- **Stored data**:
##########
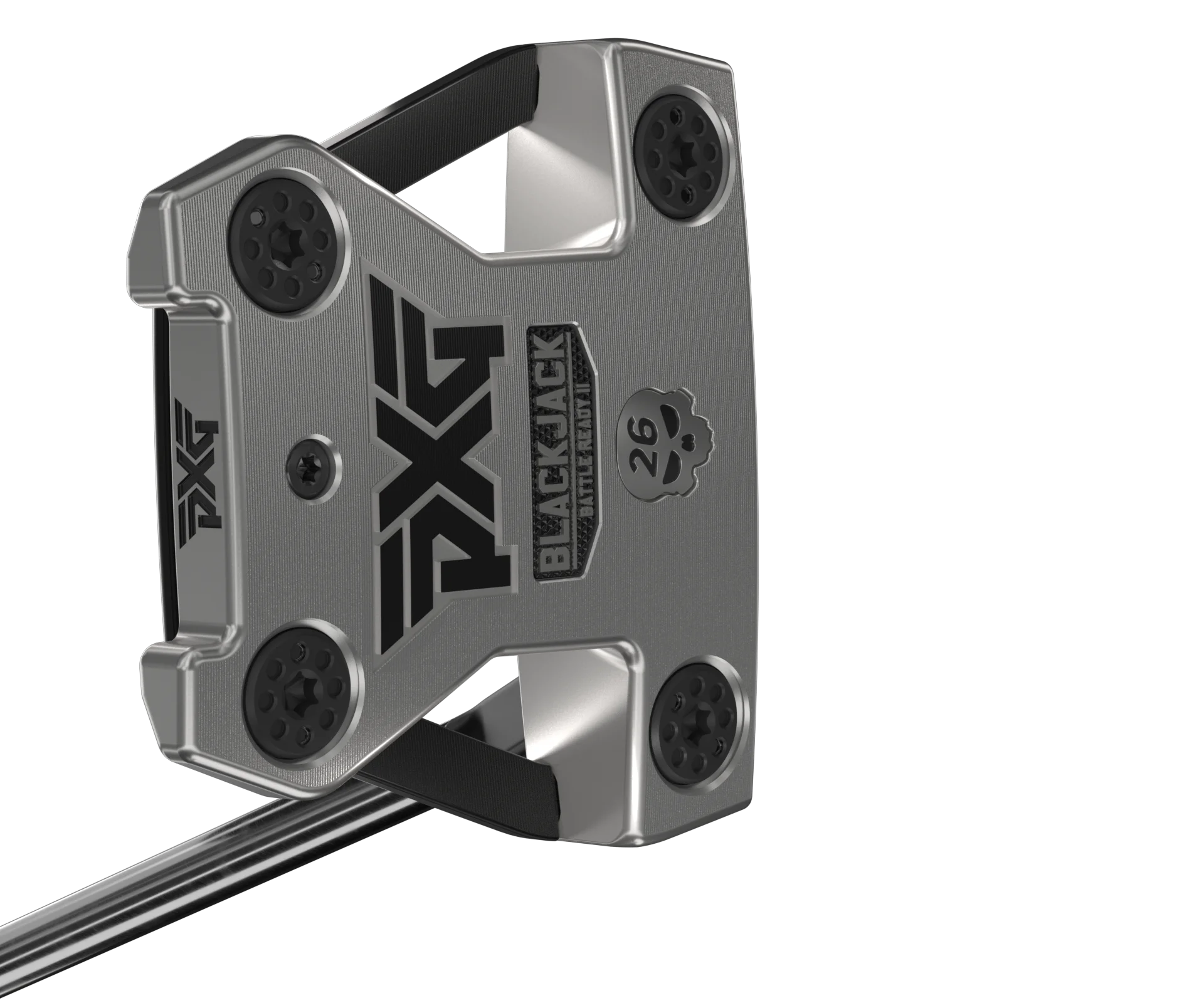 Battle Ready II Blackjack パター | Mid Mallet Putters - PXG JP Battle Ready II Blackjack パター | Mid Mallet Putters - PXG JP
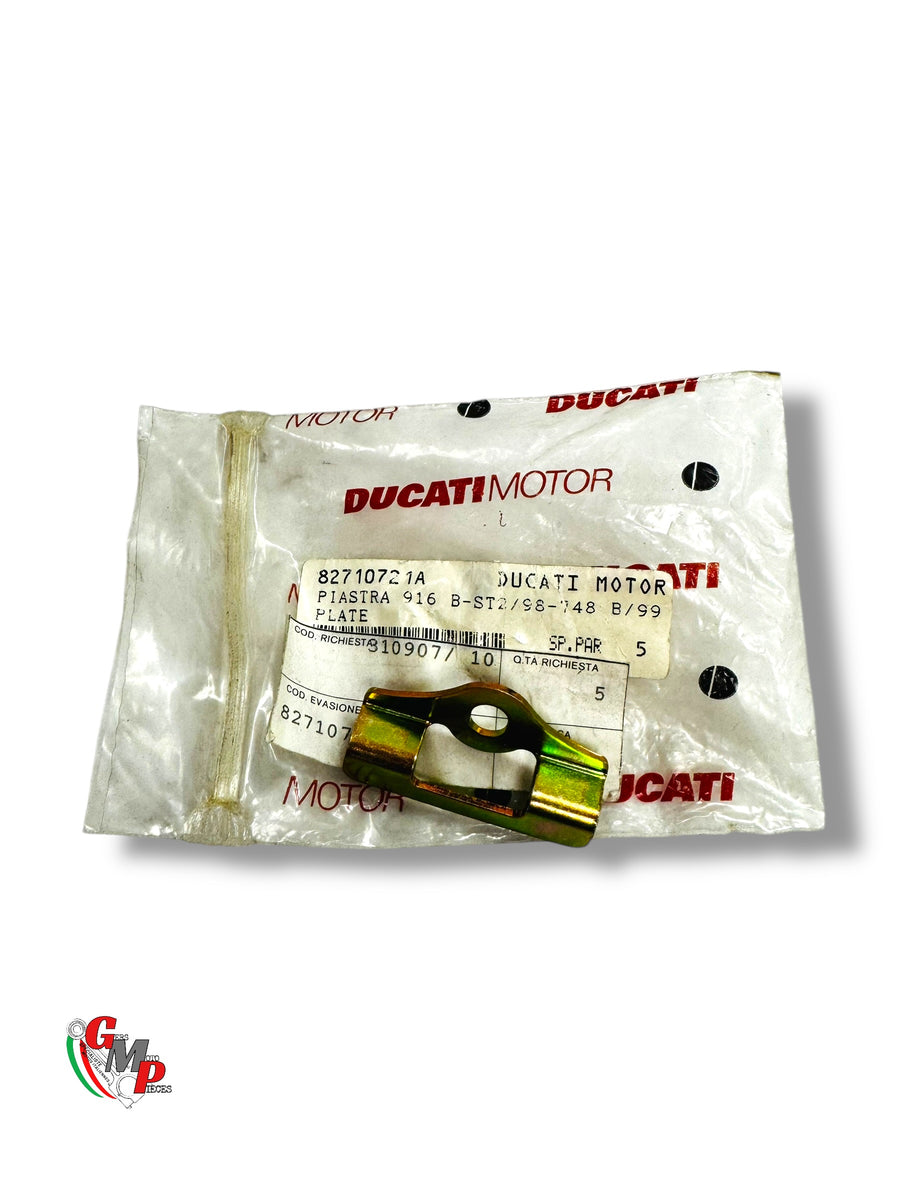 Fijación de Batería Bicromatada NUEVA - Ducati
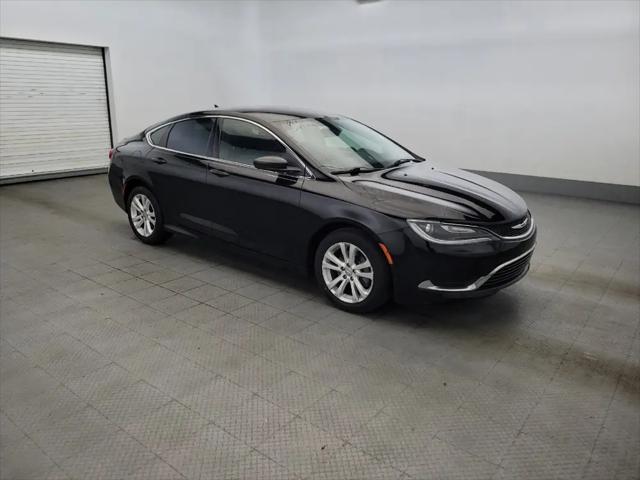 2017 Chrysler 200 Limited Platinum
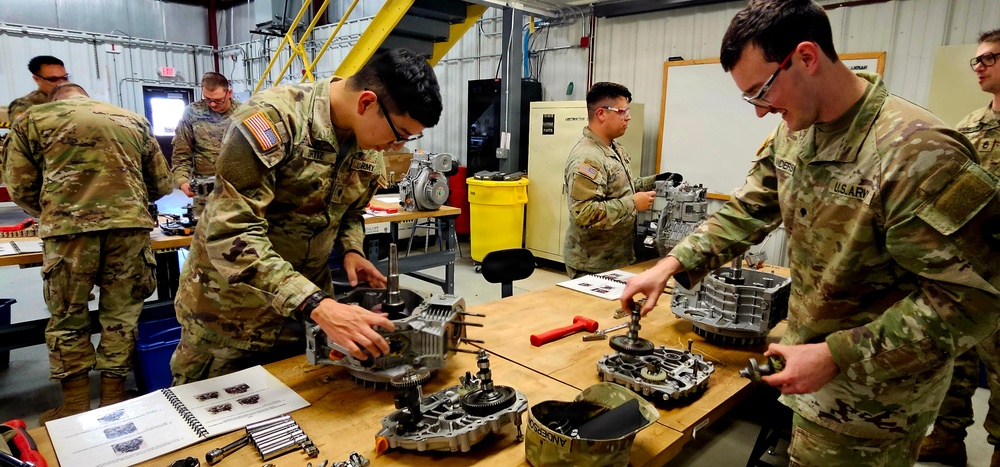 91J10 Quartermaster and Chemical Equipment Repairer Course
##########
Give back the data exactly, with no images.

- **Final answer**:
 Battle Ready II Blackjack パター | Mid Mallet Putters - PXG JP Battle Ready II Blackjack パター | Mid Mallet Putters - PXG JP
 Fijación de Batería Bicromatada NUEVA - Ducati
 2017 Chrysler 200 Limited Platinum
 91J10 Quartermaster and Chemical Equipment Repairer Course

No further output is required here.